Liberty Matters

Conservatism: A Better Guarantor of Liberty

    
Stephanie Slade’s response robustly defends Frank Meyer’s libertarian vision. Essential to that vision is the idea that virtue can be successfully cultivated without appreciable – or even any – support from society at large. This point is often where conservatives depart from libertarians, and so too it must be with Stephanie and myself. It is also why I believe American conservatism, for all its internal contradictions and faults, is a better guarantor of human liberty than libertarianism.
Human beings always struggle with a battle between the “I” and the “we”. The individual “I” shares space and life with many other I’s, bringing about a “we”. Since we alone of the animals possess reason and the ability to discern right and wrong, the human “we” also always involves some attempt to define right and then apply that understanding to society’s members. This seems to be natural; one simply cannot find a human society throughout history that has not done this. The libertarian, like Meyer, struggles against this truth. The conservative accepts it and seeks to make the pursuit of ordered liberty a central part of the “we” narrative that shapes a free society.
Constructing a “we” that appreciates and cultivates liberty means giving aggrieved people an opportunity to right perceived wrongs through orderly societal mechanism. There is no neat separation that applies always and everywhere as to what types of problems will be brought before that mechanism. Meyer’s libertarianism looks at the vast bulk of issues that have historically been solved through politics and says they should be excluded from consideration. In effect, he argues that society should say, “not my problem” to hurt and angry members of the society.
Aggrieved by a sexual morality that breaks up marriages, spreads disease, and irretrievably damages too many children? “Not my problem”. Angry that white Southerners have subjected you, a black American, to a system that degrades, humiliates, and infantilizes you? “Not my problem”. Meyer’s formulation could work only if one believes that people aggrieved by actions of a minority that strongly disadvantage them will eschew a potential remedy out of devotion to the ideal of liberty. That’s simply not what real people do.

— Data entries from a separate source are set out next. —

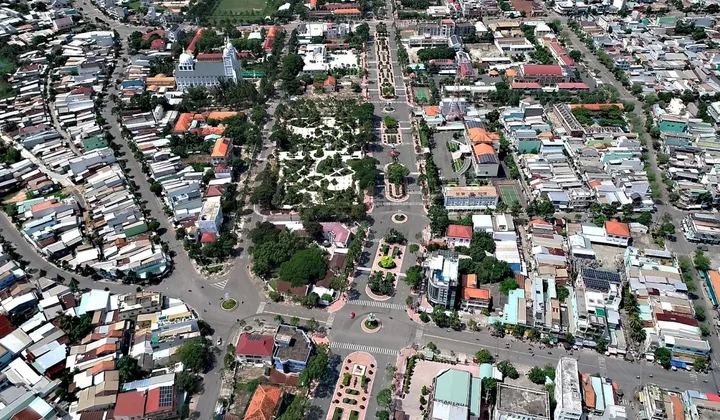 Long An: Kiến Tường kỷ niệm 10 năm thành lập thị xã và công bố quyết định đô thị loại III
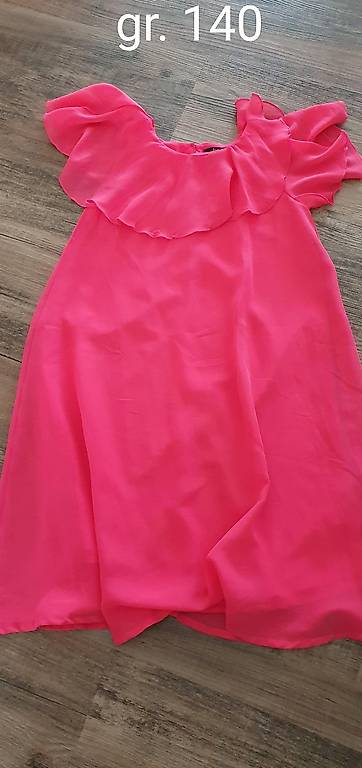 Mädchenkleider Set Gr. 140 (2)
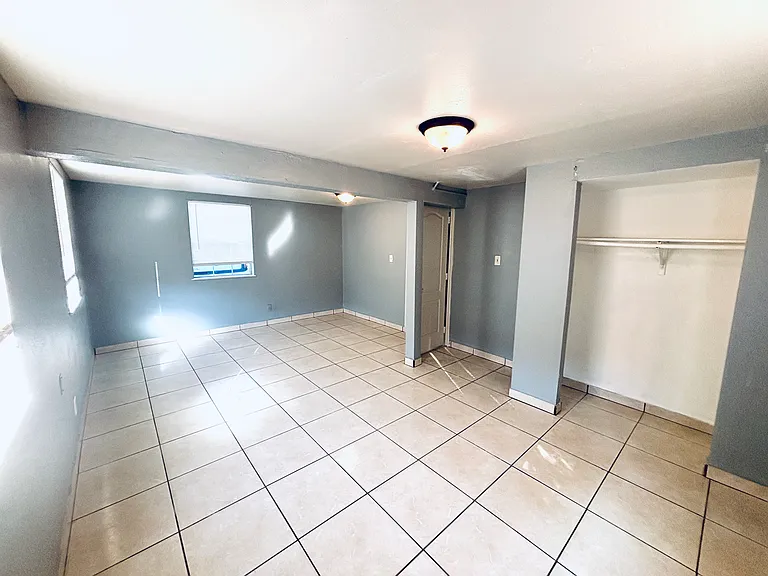 1203 Harrington Ave #C — Photo 14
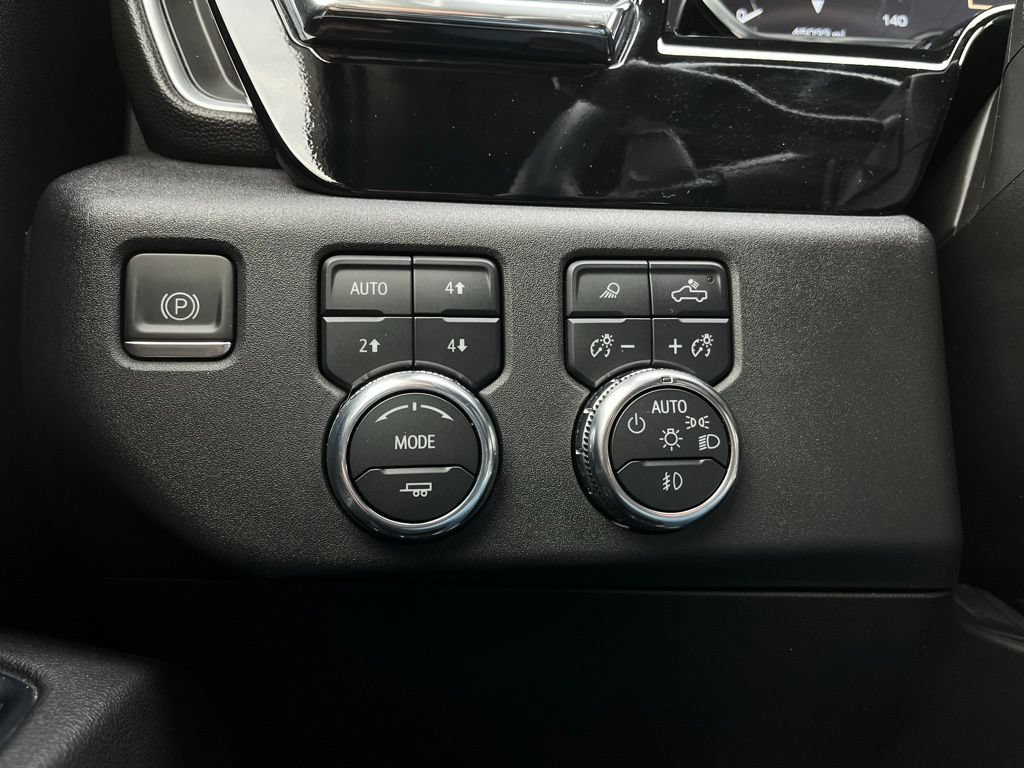 Used 2023 GMC Sierra 1500 SLT AWD/4WD image 23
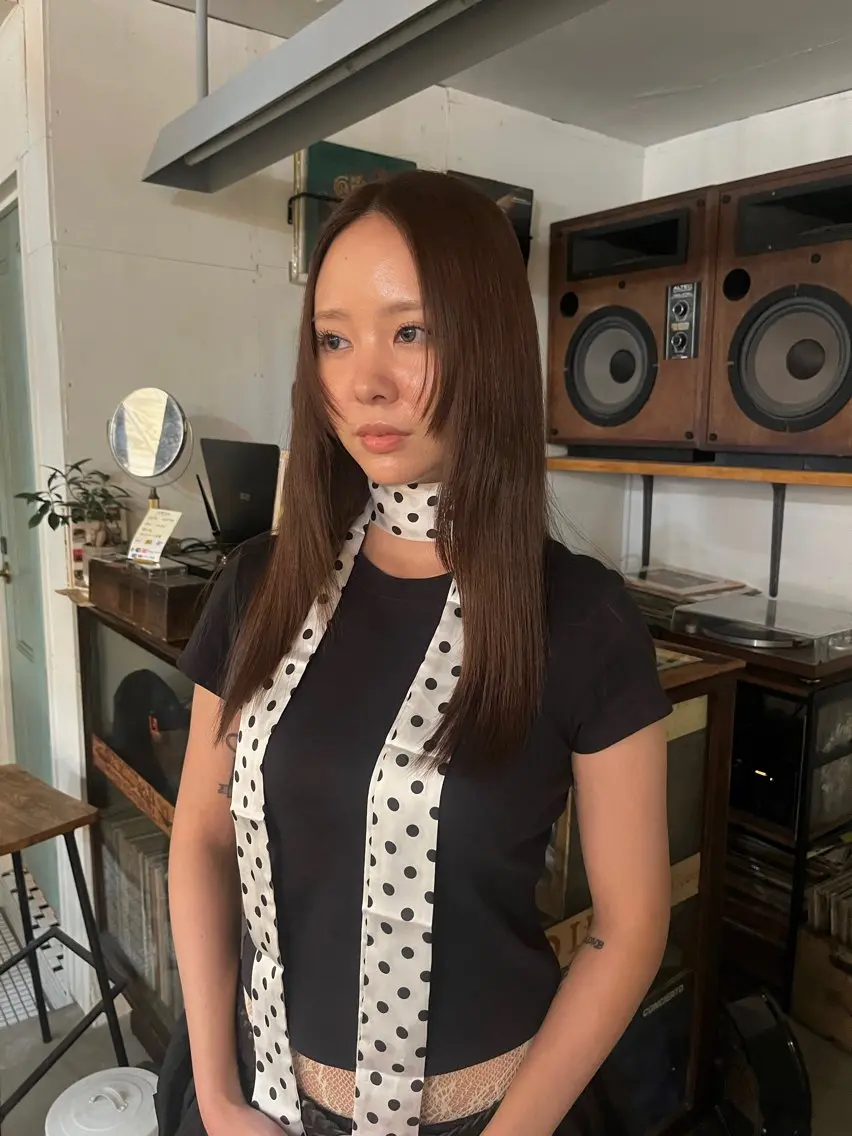 ロング カラー ブリーチ ブラウンカラー 透明感カラー ダブルカラー ブリーチなしカラー レイヤー/ベージュ mikuのヘアスタイル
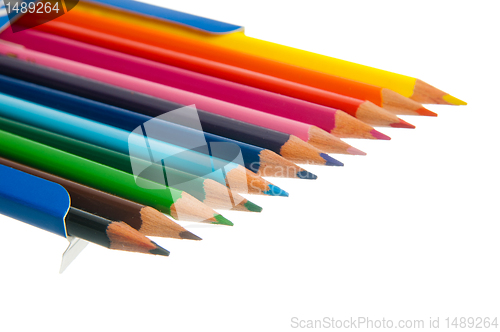 Image of colored pencils 
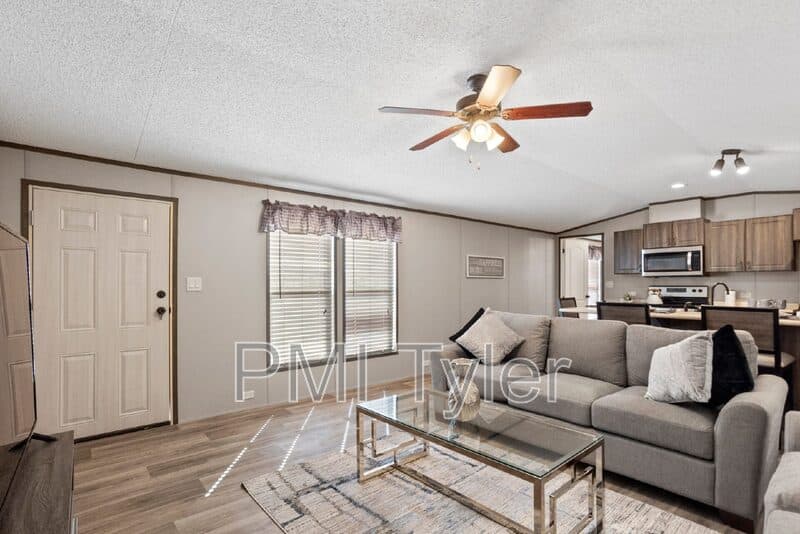 Kilgore House: 257 Sugar Maple Lane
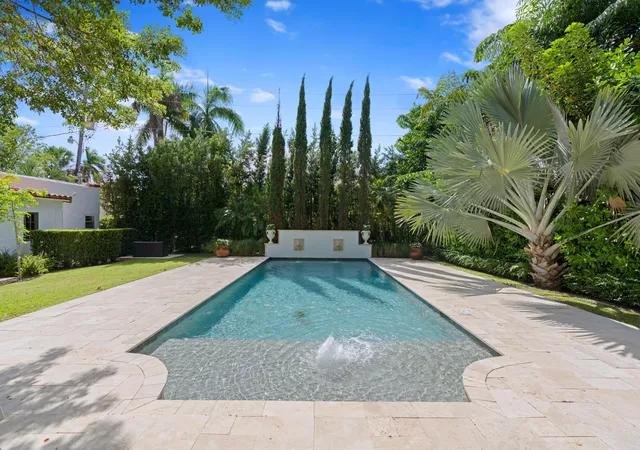 Photo 3 of Sale Pending at 308 Barcelona Rd, West Palm Beach, FL 33401 | MLS# B26052716 | Listing updated on 2026-10-09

The Great Depression is perfect example of that. Herbert Hoover’s response to the misery economic collapse caused was to argue that his hands were tied by the Constitution. He urged people to remain devoted to “the American system” of “ordered liberty” and “voluntary co-operation” regardless of the pain they were experiencing. He essentially told the American people that he really cared about their plight, but that ultimately alleviating it was not his problem. Franklin Roosevelt won that election in a landslide, ushering the New Deal and the permanent transformation of the American system in which we live today. That may not have been the best outcome for American liberty.
People who are being treated unjustly, or perceive they are being treated unjustly, will not simply shrug in the face of injustice. If necessary, they will use whatever political means they possess to remedy that injustice, not infrequently placing themselves at the mercy of a leader who promised to wield untrammeled power on their behalf. In a well-ordered polity, this brings forth Abraham Lincoln or David Lloyd George. In others where the public “we” narrative does not contain strong respect for ordered liberty, it brings the tyrant.
Liberty and virtue are inextricably intertwined like the two snakes on a caduceus. A good, free society supports both at once, giving public voice to both in the “we” narrative upon which it rests. Separating the two as Meyer provides would be like trying to divide Siamese twins and hoping that both live. Liberty is too precious to risk it so casually.